In a scenario where oral micro-organisms are adapting to changing environments, proteomics provides with a novel way to understand and adapt to these changes (Table 1).


Risk Marker

An attribute or event that is associated with increased probability of disease but is not necessarily a causal factor.

Risk Indicator

An event that is associated with an outcome only in cross-sectional studies.

Risk Factor

An action or event that is related statistically in some to an outcome and is truly causal.

Risk Determinant

An attribute or event that increases the probability of occurrence of disease.

Biomarker

A substance that is measure objectively and evaluated as an indicator of normal biologic processes , pathogenic processes, or pharmacologic responses to a therapeutic intervention.

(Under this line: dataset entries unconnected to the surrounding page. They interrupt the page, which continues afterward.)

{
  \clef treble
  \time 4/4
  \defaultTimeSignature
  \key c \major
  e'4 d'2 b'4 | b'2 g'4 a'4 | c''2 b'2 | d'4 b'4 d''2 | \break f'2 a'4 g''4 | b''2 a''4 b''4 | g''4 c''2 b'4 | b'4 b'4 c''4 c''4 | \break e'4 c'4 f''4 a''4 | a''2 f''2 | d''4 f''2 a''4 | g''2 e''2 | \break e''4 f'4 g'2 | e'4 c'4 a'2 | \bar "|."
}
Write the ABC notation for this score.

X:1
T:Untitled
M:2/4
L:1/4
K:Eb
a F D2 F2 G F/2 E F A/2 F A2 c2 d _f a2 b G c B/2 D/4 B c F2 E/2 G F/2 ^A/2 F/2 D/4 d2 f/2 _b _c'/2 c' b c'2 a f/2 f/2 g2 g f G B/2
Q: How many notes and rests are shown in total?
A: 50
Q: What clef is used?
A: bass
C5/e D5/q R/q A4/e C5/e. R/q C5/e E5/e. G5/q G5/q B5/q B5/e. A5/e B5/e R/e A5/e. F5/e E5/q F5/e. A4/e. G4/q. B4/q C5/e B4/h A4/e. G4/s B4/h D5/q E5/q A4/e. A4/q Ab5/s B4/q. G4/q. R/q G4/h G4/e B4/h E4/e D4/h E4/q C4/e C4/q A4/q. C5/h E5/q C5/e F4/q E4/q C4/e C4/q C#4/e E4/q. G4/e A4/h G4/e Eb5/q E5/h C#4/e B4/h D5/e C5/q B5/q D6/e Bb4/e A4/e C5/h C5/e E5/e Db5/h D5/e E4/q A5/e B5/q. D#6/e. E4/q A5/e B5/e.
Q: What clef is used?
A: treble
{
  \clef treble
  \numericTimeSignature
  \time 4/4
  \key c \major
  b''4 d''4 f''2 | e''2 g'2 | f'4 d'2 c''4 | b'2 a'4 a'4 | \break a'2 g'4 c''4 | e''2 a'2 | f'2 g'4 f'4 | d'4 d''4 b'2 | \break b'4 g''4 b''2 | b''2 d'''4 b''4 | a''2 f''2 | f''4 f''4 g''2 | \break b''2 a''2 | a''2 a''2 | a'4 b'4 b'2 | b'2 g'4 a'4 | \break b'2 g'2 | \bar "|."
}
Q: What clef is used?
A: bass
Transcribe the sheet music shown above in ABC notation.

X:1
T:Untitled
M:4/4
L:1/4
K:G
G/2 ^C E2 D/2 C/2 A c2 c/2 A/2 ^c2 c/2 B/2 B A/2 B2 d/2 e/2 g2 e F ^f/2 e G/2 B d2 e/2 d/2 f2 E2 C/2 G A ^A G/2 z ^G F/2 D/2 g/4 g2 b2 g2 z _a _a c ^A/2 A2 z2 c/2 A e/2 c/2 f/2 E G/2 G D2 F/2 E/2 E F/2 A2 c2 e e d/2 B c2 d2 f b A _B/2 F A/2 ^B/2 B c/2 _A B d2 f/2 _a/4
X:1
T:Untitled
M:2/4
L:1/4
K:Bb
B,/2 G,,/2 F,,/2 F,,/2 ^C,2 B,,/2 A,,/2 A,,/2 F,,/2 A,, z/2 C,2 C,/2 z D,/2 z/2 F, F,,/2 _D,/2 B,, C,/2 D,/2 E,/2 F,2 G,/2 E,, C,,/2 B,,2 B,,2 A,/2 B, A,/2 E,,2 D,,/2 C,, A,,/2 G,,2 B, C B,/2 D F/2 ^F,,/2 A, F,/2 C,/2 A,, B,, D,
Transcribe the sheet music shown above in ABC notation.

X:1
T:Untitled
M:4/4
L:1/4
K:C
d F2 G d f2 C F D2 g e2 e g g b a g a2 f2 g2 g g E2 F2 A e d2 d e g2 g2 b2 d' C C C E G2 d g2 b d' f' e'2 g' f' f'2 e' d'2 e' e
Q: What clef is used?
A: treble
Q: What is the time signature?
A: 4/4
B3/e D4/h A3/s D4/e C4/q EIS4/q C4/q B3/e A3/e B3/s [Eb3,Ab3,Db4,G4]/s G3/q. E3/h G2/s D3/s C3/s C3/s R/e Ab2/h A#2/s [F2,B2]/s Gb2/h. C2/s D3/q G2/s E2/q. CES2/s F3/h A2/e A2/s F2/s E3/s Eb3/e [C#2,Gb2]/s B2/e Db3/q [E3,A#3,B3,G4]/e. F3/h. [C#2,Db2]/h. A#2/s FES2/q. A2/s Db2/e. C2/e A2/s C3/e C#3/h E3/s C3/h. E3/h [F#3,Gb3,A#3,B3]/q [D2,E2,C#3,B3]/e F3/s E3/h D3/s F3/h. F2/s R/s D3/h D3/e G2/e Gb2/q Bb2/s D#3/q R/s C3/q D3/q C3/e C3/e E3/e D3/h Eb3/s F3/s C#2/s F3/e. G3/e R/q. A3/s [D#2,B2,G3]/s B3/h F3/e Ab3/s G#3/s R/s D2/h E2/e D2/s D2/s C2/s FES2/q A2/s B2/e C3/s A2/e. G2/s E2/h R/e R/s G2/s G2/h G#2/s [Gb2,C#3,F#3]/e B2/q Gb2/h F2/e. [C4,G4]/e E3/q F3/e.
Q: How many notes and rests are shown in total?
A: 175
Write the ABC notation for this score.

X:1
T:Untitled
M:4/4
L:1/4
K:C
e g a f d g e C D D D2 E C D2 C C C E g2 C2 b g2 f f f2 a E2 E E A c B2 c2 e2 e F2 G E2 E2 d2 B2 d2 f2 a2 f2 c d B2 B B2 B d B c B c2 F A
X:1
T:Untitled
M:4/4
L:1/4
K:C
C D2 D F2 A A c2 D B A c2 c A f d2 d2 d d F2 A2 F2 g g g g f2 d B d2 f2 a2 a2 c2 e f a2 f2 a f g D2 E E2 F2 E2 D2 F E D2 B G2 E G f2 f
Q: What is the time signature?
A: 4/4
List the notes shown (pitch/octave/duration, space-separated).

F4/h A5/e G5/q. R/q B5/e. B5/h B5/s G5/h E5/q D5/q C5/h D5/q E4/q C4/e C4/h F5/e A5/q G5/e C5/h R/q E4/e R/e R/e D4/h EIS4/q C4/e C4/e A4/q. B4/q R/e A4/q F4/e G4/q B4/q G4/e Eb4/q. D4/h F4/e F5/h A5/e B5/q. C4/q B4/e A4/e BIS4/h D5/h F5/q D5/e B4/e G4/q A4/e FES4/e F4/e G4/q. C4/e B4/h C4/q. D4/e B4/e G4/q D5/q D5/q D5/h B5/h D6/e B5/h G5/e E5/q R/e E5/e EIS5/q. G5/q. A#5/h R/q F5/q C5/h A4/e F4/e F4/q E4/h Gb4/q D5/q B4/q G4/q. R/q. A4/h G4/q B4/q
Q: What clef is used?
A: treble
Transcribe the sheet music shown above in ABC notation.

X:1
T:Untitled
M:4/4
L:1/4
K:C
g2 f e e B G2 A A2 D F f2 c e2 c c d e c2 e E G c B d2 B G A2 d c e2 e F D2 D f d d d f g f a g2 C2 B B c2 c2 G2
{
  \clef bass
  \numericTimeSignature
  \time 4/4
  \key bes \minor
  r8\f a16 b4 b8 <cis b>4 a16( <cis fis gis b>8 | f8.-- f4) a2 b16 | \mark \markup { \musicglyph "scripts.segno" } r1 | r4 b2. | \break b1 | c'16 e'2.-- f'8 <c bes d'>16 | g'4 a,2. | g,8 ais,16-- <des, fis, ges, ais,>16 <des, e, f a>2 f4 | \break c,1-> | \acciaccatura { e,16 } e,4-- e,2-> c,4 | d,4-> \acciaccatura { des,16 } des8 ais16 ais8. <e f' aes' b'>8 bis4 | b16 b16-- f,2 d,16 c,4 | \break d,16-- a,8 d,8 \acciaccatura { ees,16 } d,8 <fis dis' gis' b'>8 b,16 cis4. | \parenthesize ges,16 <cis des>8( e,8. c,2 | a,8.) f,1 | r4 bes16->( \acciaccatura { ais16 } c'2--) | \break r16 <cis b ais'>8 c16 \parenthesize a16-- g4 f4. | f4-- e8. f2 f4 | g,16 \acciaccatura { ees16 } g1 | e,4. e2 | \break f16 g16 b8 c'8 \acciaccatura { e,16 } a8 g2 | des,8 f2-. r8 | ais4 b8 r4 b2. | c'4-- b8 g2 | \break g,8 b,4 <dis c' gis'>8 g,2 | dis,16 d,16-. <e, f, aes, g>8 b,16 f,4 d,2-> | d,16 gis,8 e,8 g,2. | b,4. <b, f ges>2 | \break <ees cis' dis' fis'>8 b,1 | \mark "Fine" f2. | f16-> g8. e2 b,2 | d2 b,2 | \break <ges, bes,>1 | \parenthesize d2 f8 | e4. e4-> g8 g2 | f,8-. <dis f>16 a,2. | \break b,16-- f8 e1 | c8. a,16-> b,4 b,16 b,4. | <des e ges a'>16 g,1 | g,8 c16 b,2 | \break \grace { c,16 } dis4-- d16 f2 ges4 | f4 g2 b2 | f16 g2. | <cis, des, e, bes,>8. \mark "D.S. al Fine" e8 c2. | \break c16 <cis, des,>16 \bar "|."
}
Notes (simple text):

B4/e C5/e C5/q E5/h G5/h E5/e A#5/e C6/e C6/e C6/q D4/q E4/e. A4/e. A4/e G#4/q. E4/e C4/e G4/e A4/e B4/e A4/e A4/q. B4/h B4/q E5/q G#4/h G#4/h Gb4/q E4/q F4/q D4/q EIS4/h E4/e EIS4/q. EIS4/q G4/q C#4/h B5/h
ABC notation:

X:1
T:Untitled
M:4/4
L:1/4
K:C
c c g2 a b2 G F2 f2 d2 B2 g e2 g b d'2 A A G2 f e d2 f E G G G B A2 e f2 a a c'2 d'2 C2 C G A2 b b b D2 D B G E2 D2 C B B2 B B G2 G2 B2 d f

Table 1: Important related terminologies

Conclusion

Biomarkers can be used to monitor health status, disease risk and onset, and outcome response to treatment in normal healthy individuals and individuals affected by specific diseases. New diagnostic technologies, such as microarray and micro fluidics, are available for risk assessment and screening of biomarkers. The use of proteomics and gene expression will advance the diagnosis and treatment of various oral pathological conditions to reach the above goals and also advances in tissue engineering, drug delivery, gene therapy and biopharmaceuticals will present new therapeutic opportunities leading to individualized, specific & targeted treatment of periodontal diseases.

Acknowledgement

The authors would like to acknowledge the faculty of Specialized Dental Centre, Ministry of Health, Al- Ahsa, Saudi Arabia for their guidance and support in preparing this manuscript.